NEW YORK-Convergent communications are getting closer to reality with development of gateways to distribute content among various stationary and mobile devices and interoperability technology that permits seamless roaming between fixed and mobile networks, speakers at the December Internet World conference said.
“Centralized media servers tied to cable networks will allow swapping of content among fixed and mobile devices. These home gateways will connect people to information that’s not desktop (computer) oriented, to their Palms, wireless phones, refrigerators and televisions,” said Ken Morse, chief technology officer of PowerTV Inc., which counts AOL Time Warner among its clients.
“Next-generation set-top cable boxes that include 802.11b for home wireless networks are just being shipped now.
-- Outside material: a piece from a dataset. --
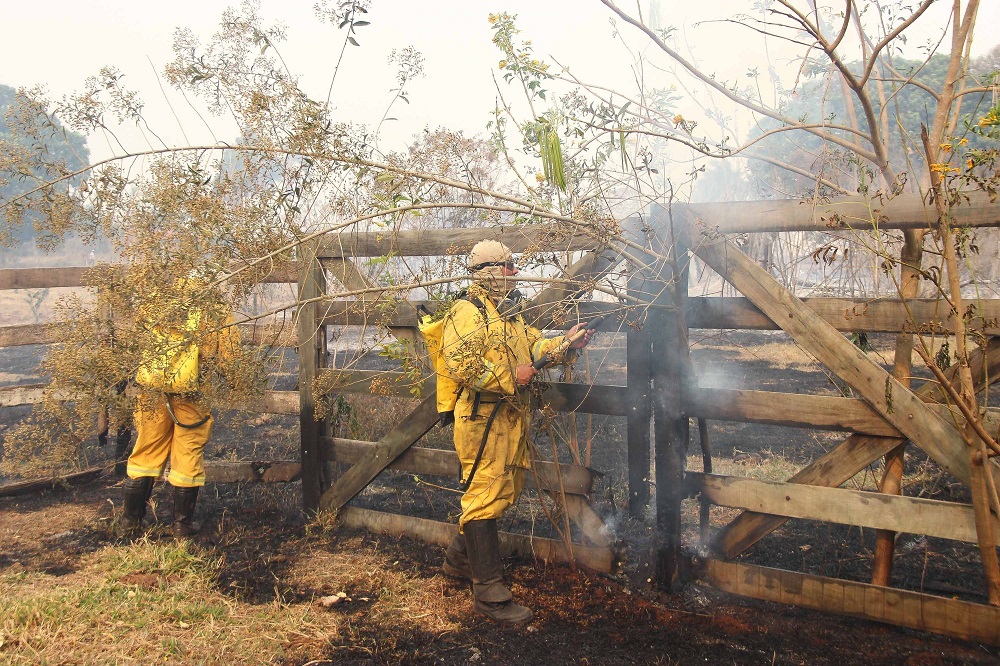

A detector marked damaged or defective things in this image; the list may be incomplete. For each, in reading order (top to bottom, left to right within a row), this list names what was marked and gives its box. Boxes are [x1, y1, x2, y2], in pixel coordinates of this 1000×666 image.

Microsoft (Corp.) is trying to build a $600 gateway because anywhere there is a middleman there is a threat to Microsoft. Someone else also will be the software providers.”
Morse said the “fundamental inhibitor” to widespread dissemination of multimedia gateways today is the unmet need “to communicate securely between devices.” To solve this critical problem, it will be necessary to develop and deploy a “portable and mobile digital rights system” that takes advantage of intelligence vested in both networks and devices, he added.
The onslaught of options made possible by this multimedia convergence is another component that must be managed in a way that is user friendly in order to facilitate widespread consumer adoption, said Bill McLean, president of U.S. operations for Parthus Technologies.
“There are enormous amounts of choices being given to consumers. For each service, people are building guides, but at a certain point, we will need a meta-search engine,” he said.
For multimedia convergence to deliver mobile commerce, entertainment and targeted information services alerts, what is needed is “a broadband network that is screaming fast, hundreds of kilobits per second, a browser that interacts with TCP/IP, all content on the Internet, and an inexpensive broadcast/multicast system that transcends the wireless/wireline boundary,” said Alan Kuritsky, vice president of marketing for Flarion Technologies.
TCP/IP, or Transmission Control/Internet Protocol, is a networking protocol that provides communication across interconnected networks.
In late November, Flarion completed a successful demonstration of a seamless handoff between an 802.11b wireless local area network and a mobile wide area network. The test employed off-the-shelf network hardware along with Flarion’s flash-OFDM PC modem cards for the wireless communicators and its RadioRouter base stations for the air interface. In the demonstration, people working on laptop and handheld computers on the LAN continued to use these devices in an uninterrupted fashion while in a car that drove between two intersecting macular cell sites at speeds reaching those typical on highways.
“This breakthrough addresses two key goals which are critical to the emergence of the mobile data market: mobility and WAN-to-LAN interoperability,” said Ray Dolan, president and chief executive officer, when Flarion announced the demonstration Dec.18.
“Working together with licensed operators around the world, we can now look forward to the day when broadband access to the Internet can be presumed regardless of time and place.”